Its funny how conflicts at work drive us more insane than almost any other. When it comes to our careers, we tend to lose perspective very quickly and small issues can become huge. Have you been in a situation when you felt that a workplace conflict was ruining your life? Has an issue in the office spilled over and affected your private life? What can you do when things get really serious?
- First, perspective is key. Although work can become all-consuming at times, its just one part of your life. The person with whom you are battling is just one within your network. Its too easy to fixate on the negatives. One easy way to overcome this is to spend more time with people you do get along with in the office. Tackle this physcially by moving around, getting up from your desk. This will refocus your energies and improve morale. Another simple tip is to pour your woes out to a good friend over coffee. A problem shared is a problem halved for sure, but the obession we create for ourselves starts to sound faintly ridiculous when aired out loud to someone who doesn’t work with us.
- Don’t retaliate. It’s all too easy to get involved in an escalating war in the office. Back off. Refrain from bitching and back-stabbing. Try not to pour fuel on the fire. Rediscover your sense of humour and try to see the positives in your opponent.

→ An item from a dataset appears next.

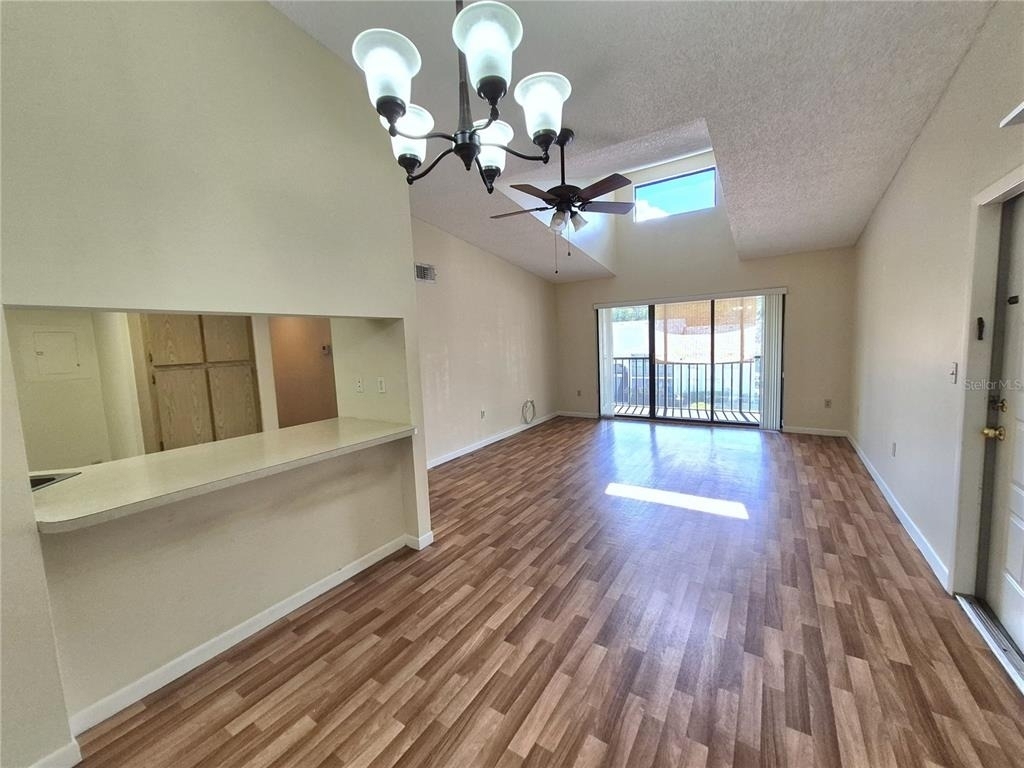 1344 Pine Ridge Circle E - Photo 6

- Get some distance. If we are able to take a step back from a workplace conflict, it often eases up. Don’t obsess over the situation or let it take over your life. Make sure your office hours are sensible and that you are taking time to relax. Fitness devotees will find that a good run or exercise class will make them feel better. Follow your escape route and if you find yourself thinking about your nemesis, carefully and deliberately lock those thoughts in a box. Or put them in a metaphorical balloon and let them float away.
- Don’t take conflict in the workplace personally. If you are dealing with a difficult person, don’t pay them too much attention. You can bet that they are not thinking about you, or your feelings, at all. And certainly, don’t allow them to infiltrate your life as a whole. At times, when I have dealings with very difficult people and find myself lying awake worrying about them, I try and remind myself that they are most certainly not lying awake worrying about me. Under no circumstances, allow a workplace conflict to affect your health or well-being. Take action.
- Use conflict as a catalyst for change. Many people see conflict as negative and can, in extreme circumstances, be forced out of their jobs. I suggest you use difficulties in the workplace as a driver for managing your career. Don’t sit around being bullied. Take careful note about the kind of behaviours and cultures you don’t like. Spend some time thinking about the kind of atmosphere that motivates you and investigate whether your career would be better served in another job.
- If all else fails. Of course, if conflict in the workplace does escalate into something more serious, you do have options and support. Your HR department will have a grievance procedure, as will your union. There are also free legal services at your disposal as well as chargeable ones. It’s always better to try to take positive action on a personal level than to get involved in a difficult process at work but there are laws and policies in place to protect employees in these kinds of situations.